In pleading for the variance, which is essentially another kind of permission to be free of zoning law, Oaktree representatives cited the hardship that would result — oddly shaped bedrooms — if  they had to shear off their building at an angle to conform to zoning.

“There were a whole series of errors,” Teague said to the board. “There was a series of accidents, and it’s a pattern of accidents, you see it up there and you see it here. If you in your hearts don’t believe these were accidents — that experienced Cambridge developers over and over again are making all these errors — then you can’t grant this.”

Angry neighbors

Resident after resident got up to speak during the board’s public comment period  to testify to the lack of dialogue and negotiation with the church and Oaktree over the years they’ve been designing and proposing the 78,000-square-foot structure, which incorporates the former car wash lot at 2013 Massachusetts Ave.

St. James’s allowed Oaktree to expand its design onto church land in anticipation of revenue it could use as an endowment to maintain its charitable missions and 122-year-old Richardson Romanesque structure — although it’s not so clear cut that the $3 million endowment they’ve touted in a best-case scenario will come through. Two-thirds of it would be in property and the remaining million would come when at least 75 percent of the condos are sold, say observers of the deal. The church newsletter for January anticipates $96,000 in redevelopment revenue this year and no rental income, and only $48,000 in redevelopment money next year, supplemented by $15,000 in rental income.

Still, with the expectation the endowment will come, the congregation is backing development that has put it at odds with the neighborhood. Residents complain that the church has taken away a children’s play area, suddenly citing liability after decades, and that amid dozens of meetings there has been no good-faith talks about the size or design of the condominiums.

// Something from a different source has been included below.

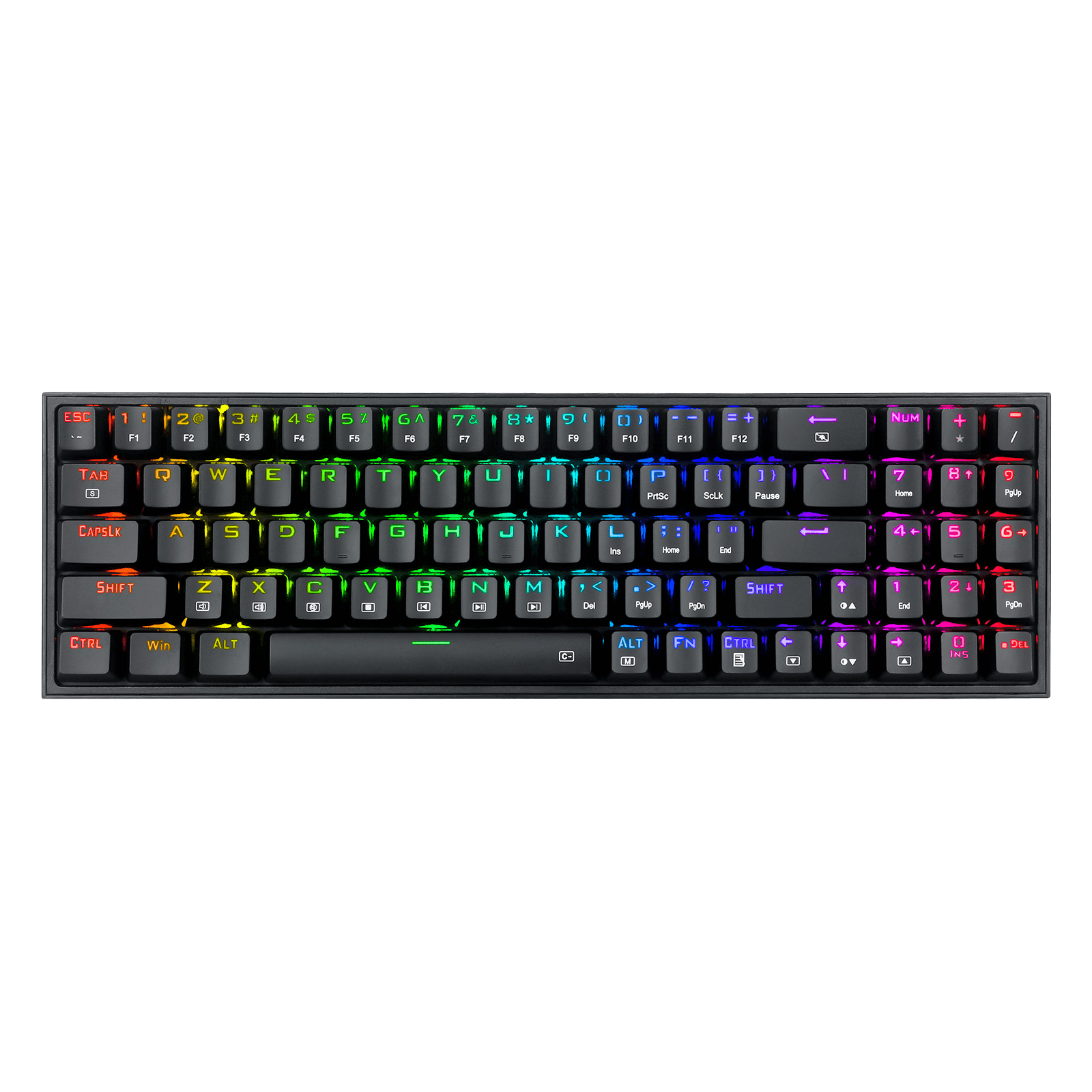 Redragon K628 Pollux 75% Wired RGB Gaming Keyboard, 78 Keys Hot-Swappable Compact Mechanical Keyboard w/100% Hot-Swap Socket, Free-Mod Plate Mounted PCB & Dedicated Arrow Keys and Numpad, Red Switch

“The only reason they’ve met with us is so they can tell you they met with us,” Beech Street resident Preston Gralla told the board.

Richard Clarey, an attorney and chairman of the North Cambridge Stabilization Committee, told board members that the developers “came before our committee and they used a gambit developers very frequently use. They said, ‘You’d better swallow this 46,48 condos, or I’ll do 67.’ They hammered the neighborhood over the head with that threat at every meeting I attended — ‘If you don’t go for this, we’ll do much worse.’”

“This is one of the rare times in life you get a second chance to mitigate this monstrosity by denying the special permit,” Clarey said.

One congregant was on hand to defend the church during public comment. “We have made every effort to be good neighbors,” Norris Street resident John Hixson said.

But neither Hixson nor Oaktree representatives spoke to the other allegation made repeatedly by neighbors: that the developers and church said consistently that the design of the building was “by right,” meaning without need for special review — but suddenly there was a need for special permitting to allow the building height and driveway on Beech Street.

“All the problems with this project are focused on Beech Street, on the placement of the driveway, on the placement of the principal entrance … Article 20 says the principal entrance should be on Massachusetts Avenue,” said John Armstrong, citing city zoning law.

“All the big problems are here,” Armstrong said, referring again to residential Beech Street. “Our group has negotiated with the church and Oaktree for two years now to mitigate the negative impacts, all focused on this one part of the project. We were always told, ‘We’re building as of right, we have no reason to make any concessions.’ Why are there now four special permits all concentrated on this one area?”

This post was updated Feb. 17, 2011, to clarify development details in Porter Square and at the Rounder Records site and to note that Clarey is chairman of the North Cambridge Stabilization Committee, not merely a member.